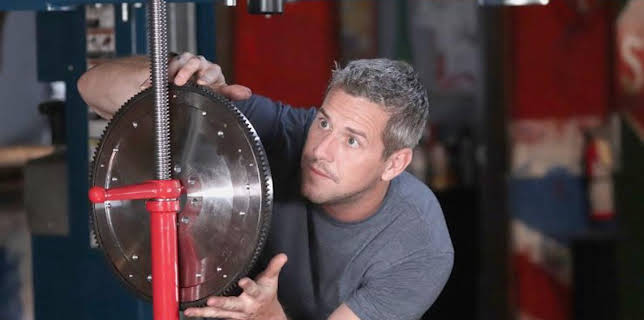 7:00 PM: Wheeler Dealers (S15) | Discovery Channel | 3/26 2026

☆ ☆ ☆ ☆ ☆ ☆ ☆

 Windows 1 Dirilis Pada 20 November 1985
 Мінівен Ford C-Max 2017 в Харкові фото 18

☆ ☆ ☆ ☆ ☆ ☆ ☆

Please give back exactly the lines of this listing beginning at the line with "Windows 1 Dirilis Pada 20 November 1985" and ending with the line with "Мінівен Ford C-Max 2017 в Харкові фото 18", both included, and nothing else.

 Windows 1 Dirilis Pada 20 November 1985
 Мінівен Ford C-Max 2017 в Харкові фото 18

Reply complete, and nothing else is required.